Re: Question Regarding ERMS memcpy

From: hpa
Date: Sat Mar 04 2017 - 18:56:00 EST


On March 4, 2017 3:46:44 PM PST, Logan Gunthorpe <logang@xxxxxxxxxxxx> wrote:
>Hi Borislav,
>
>Thanks for the help.
>
>On 04/03/17 03:43 PM, Borislav Petkov wrote:
>> You can boot with "debug-alternative" and look for those strings
>where
>
>Here's the symbols for memcpy and the corresponding apply_alternatives
>lines:
>
>ffffffff8122df90 T __memcpy
>ffffffff8122df90 W memcpy
>ffffffff8122dfb0 T memcpy_erms
>ffffffff8122dfc0 T memcpy_orig
>
>[ 0.076018] apply_alternatives: feat: 3*32+16, old:
>(ffffffff8122df90, len: 5), repl: (ffffffff819d7ac5, len: 0), pad: 0
>[ 0.076019] ffffffff8122df90: old_insn: e9 2b 00 00 00
>[ 0.076021] ffffffff8122df90: final_insn: 66 66 90 66 90
>
>So it looks like it's patching in a NOP as it is supposed to.
>
>
>> Also, do
>>
>> make <path-to-file>.s
>>
>> of the file where it does memcpy_fromio() and attach it here.

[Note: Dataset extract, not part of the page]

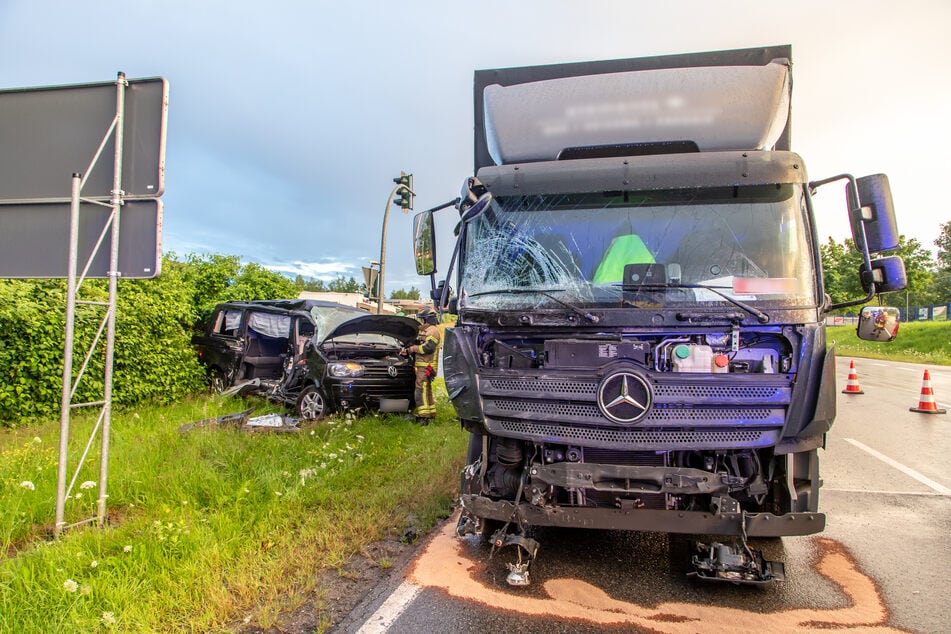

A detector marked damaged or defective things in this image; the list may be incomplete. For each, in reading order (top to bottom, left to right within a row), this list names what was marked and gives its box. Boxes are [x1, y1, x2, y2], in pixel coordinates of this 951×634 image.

cracked windshield [462, 183, 820, 312]
crumpled black van [192, 298, 418, 418]
damaged mercedes truck [412, 47, 912, 584]
broken front bumper [462, 492, 824, 536]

I'd
>like to see
>> what the compiler generates.
>
>I've attached the whole file but this is the code in question:
>
> .loc 5 219 0
> movq 936(%rbp), %rdx # stdev_3(D)->mmio_mrpc, tmp127
> leaq 48(%rbx), %rax #, tmp113
> movq 40(%rbx), %rcx # MEM[(struct switchtec_user *)__mptr_7 +
>-56B].read_len, MEM[(struct switchtec_user *)__mptr_7 + -56B].read_len
> movq %rax, %rdi # tmp113, tmp118
> leaq 1024(%rdx), %rsi #, tmp114
> rep movsb
>
>Strangely, it decided to inline a memcpy with rep movsb. Any idea why
>the compiler would do that? Is this just gcc being stupid? My gcc
>version is below.
>
>Thanks,
>
>Logan
>
>
>Using built-in specs.
>COLLECT_GCC=gcc
>COLLECT_LTO_WRAPPER=/usr/lib/gcc/x86_64-linux-gnu/4.9/lto-wrapper
>Target: x86_64-linux-gnu
>Configured with: ../src/configure -v --with-pkgversion='Debian
>4.9.2-10'
>--with-bugurl=file:///usr/share/doc/gcc-4.9/README.Bugs
>--enable-languages=c,c++,java,go,d,fortran,objc,obj-c++ --prefix=/usr
>--program-suffix=-4.9 --enable-shared --enable-linker-build-id
>--libexecdir=/usr/lib --without-included-gettext --enable-threads=posix
>--with-gxx-include-dir=/usr/include/c++/4.9 --libdir=/usr/lib
>--enable-nls --with-sysroot=/ --enable-clocale=gnu
>--enable-libstdcxx-debug --enable-libstdcxx-time=yes
>--enable-gnu-unique-object --disable-vtable-verify --enable-plugin
>--with-system-zlib --disable-browser-plugin --enable-java-awt=gtk
>--enable-gtk-cairo
>--with-java-home=/usr/lib/jvm/java-1.5.0-gcj-4.9-amd64/jre
>--enable-java-home
>--with-jvm-root-dir=/usr/lib/jvm/java-1.5.0-gcj-4.9-amd64
>--with-jvm-jar-dir=/usr/lib/jvm-exports/java-1.5.0-gcj-4.9-amd64
>--with-arch-directory=amd64
>--with-ecj-jar=/usr/share/java/eclipse-ecj.jar --enable-objc-gc
>--enable-multiarch --with-arch-32=i586 --with-abi=m64
>--with-multilib-list=m32,m64,mx32 --enable-multilib --with-tune=generic
>--enable-checking=release --build=x86_64-linux-gnu
>--host=x86_64-linux-gnu --target=x86_64-linux-gnu
>Thread model: posix
>gcc version 4.9.2 (Debian 4.9.2-10)

For newer processors, as determined by -mtune=, it is actually the best option for an arbitrary copy.
--
Sent from my Android device with K-9 Mail. Please excuse my brevity.